An insightful and entertaining exploration of art's most important aesthetic and philosophical issues conducted by an acute observer of contemporary art, After the End of Art argues that, with the eclipse of abstract expressionism, art deviated irrevocably from the narrative course that Vasari helped define for it in the Renaissance. Moreover, Danto makes the case for a new type of criticism that can help us understand art in a posthistorical age where, for example, an artist can produce a work in the style of Rembrandt to create a visual pun, and where traditional theories cannot explain the difference between Andy Warhol's Brillo Box and the product found in the grocery store.

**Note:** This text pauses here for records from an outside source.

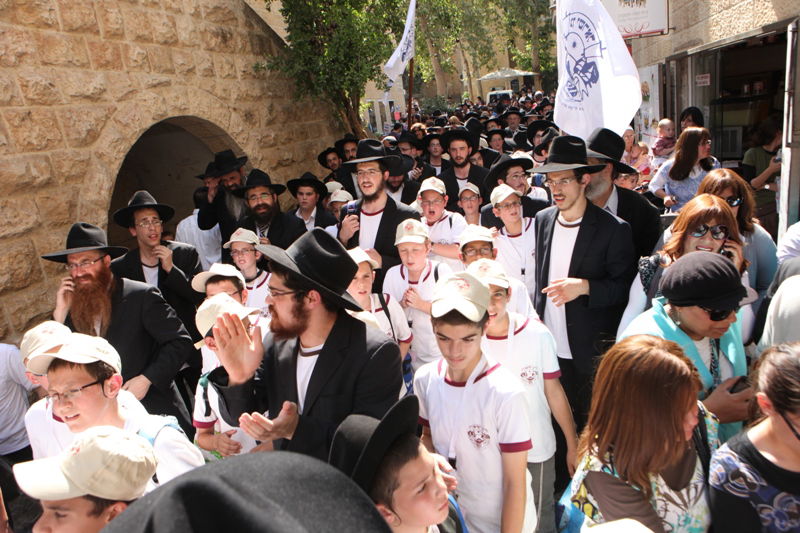 מעל רבבה חגגו בירושלים עם ספר-התורה לילדי ישראל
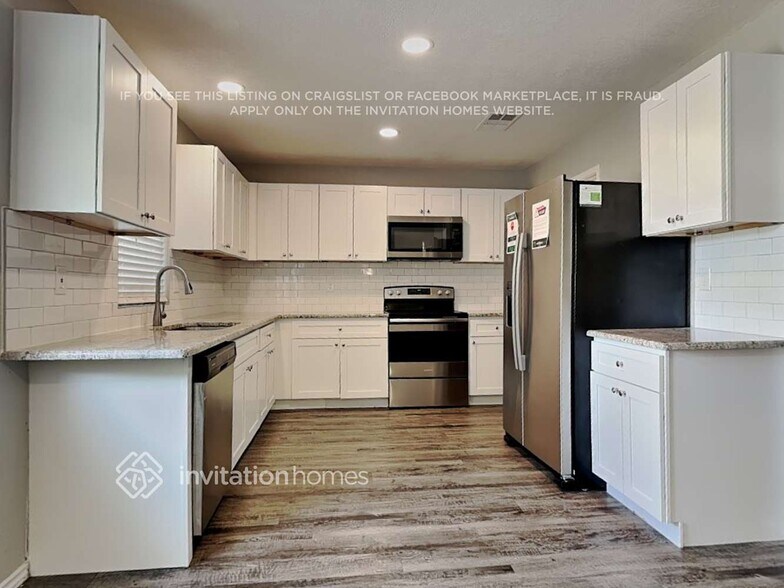 Building Photo - 7914 Modesto Dr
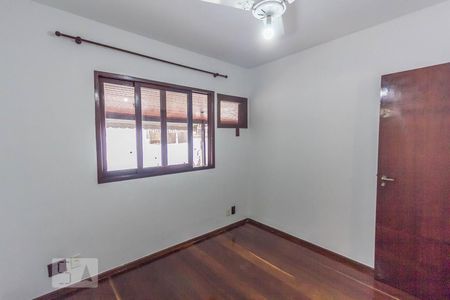 Casa de condomínio à venda com 269m², 4 quartos e 3 vagasSuíte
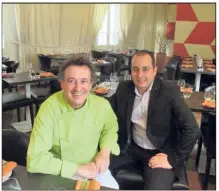  ??  ?? Claude Sutter, le chef du Bistrot Saint-Sauveur, ici avec Nassim, son associé et chef de salle. (Photo I.V.)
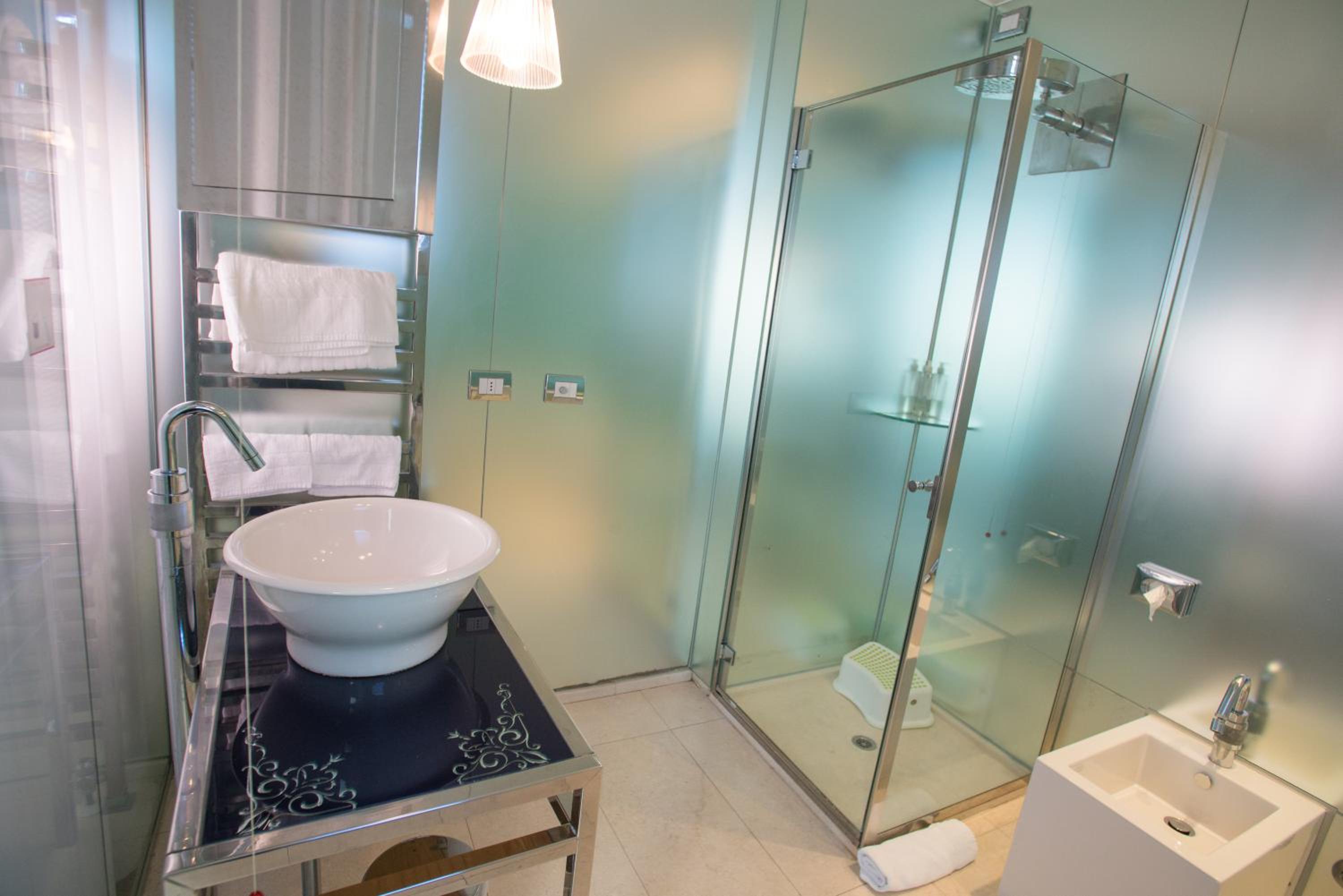 Double or Twin Room with Private Bathroom - Photo 2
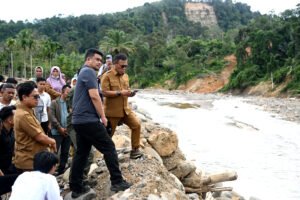 Bobby Nasution Desak Percepatan Tanggul Sungai Badiri, Warga Diminta Dukung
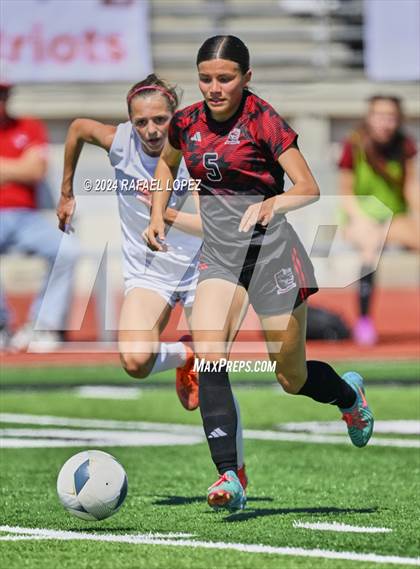 Thumbnail 3 in Georgetown vs. Goose Creek Memorial (UIL Soccer 5A Region 3 Regional Semifinal) photogallery.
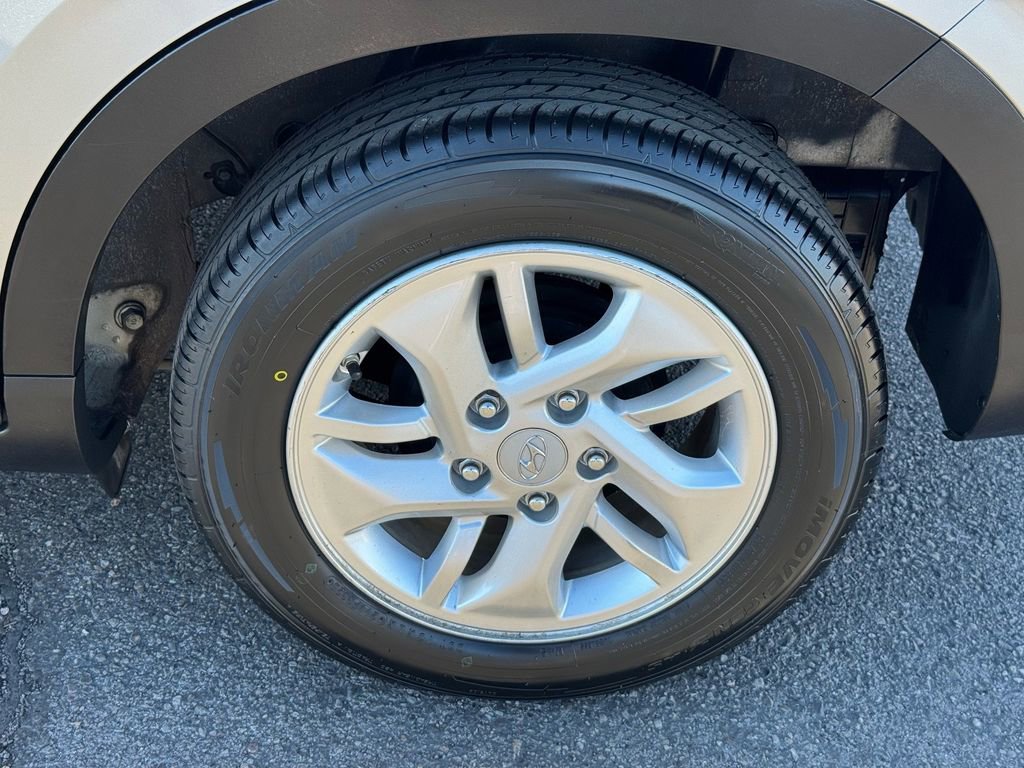 Used 2024 Hyundai Venue SE image 9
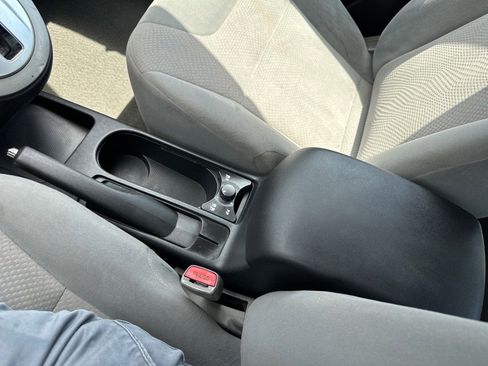 Used 2011 Nissan Sentra 2.0 image 15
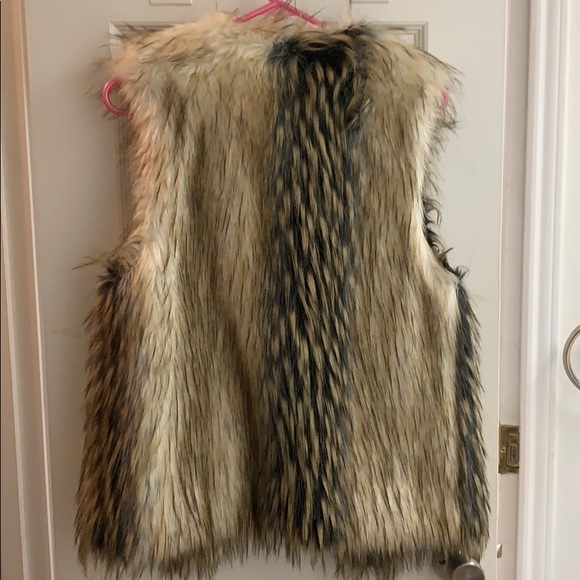 Forever 21 Faux Fur Vest Size Small - Picture 2 of 3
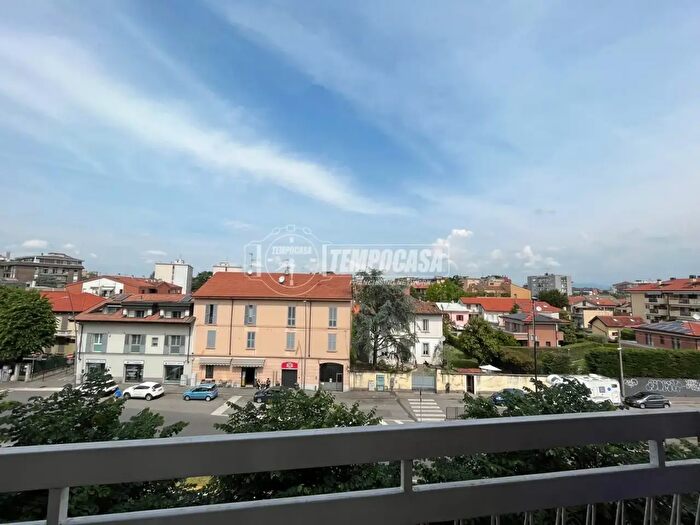 Appartamento bilocale in affitto in Viale Libertà, Monza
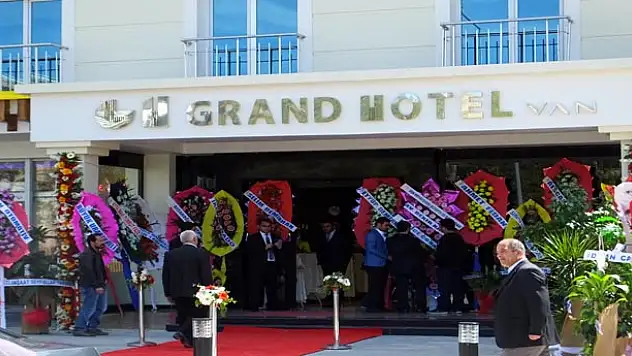 Grand Van Otel hizmete açıldı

After the End of Art addresses art history, pop art, "people's art," the future role of museums, and the critical contributions of Clement Greenberg, whose aesthetics-based criticism helped a previous generation make sense of modernism. Tracing art history from a mimetic tradition (the idea that art was a progressively more adequate representation of reality) through the modern era of manifestos (when art was defined by the artist's philosophy), Danto shows that it wasn't until the invention of pop art that the historical understanding of the means and ends of art was nullified. Even modernist art, which tried to break with the past by questioning the ways in which art was produced, hinged on a narrative. "If you are seriously attentive to contemporary art, you are already aware of Danto and his general positions, and owe it to yourself to read this book. If you are not, but are genuinely curious, you would do well to follow him. . . . Throughout it is clear and direct; at best, it is brilliantly crystalline. . . . I know of no more useful single book on art today."---Michael Pakenham, Baltimore Sun "Danto was and remains the high priest of pluralism, and arch-critic of the view that art has a distinctive essence. . . . The chapters in this book are a challenging read, but a good one, because they take us to the heart of a living and profoundly interesting contemporary debate."---A. C. Grayling, Financial Times "In this, Dr. Danto's best book yet , he helps us make sense of the times we are living in."---Richard Dorment, Art Newspaper "Is Danto gloomy about the end of art? Not in the slightest. . . . Danto is nothing if not cheered by the prospect of an art world in which 'everything is permitted.'"---Roger Copeland, Wilson Quarterly "Danto makes a lively and stimulating case." "The need for critical works such as this one-learned, discerning and refreshingly open-minded-is perhaps greater than ever." "Required reading for anyone seriously interested in late-modern and contemporary art."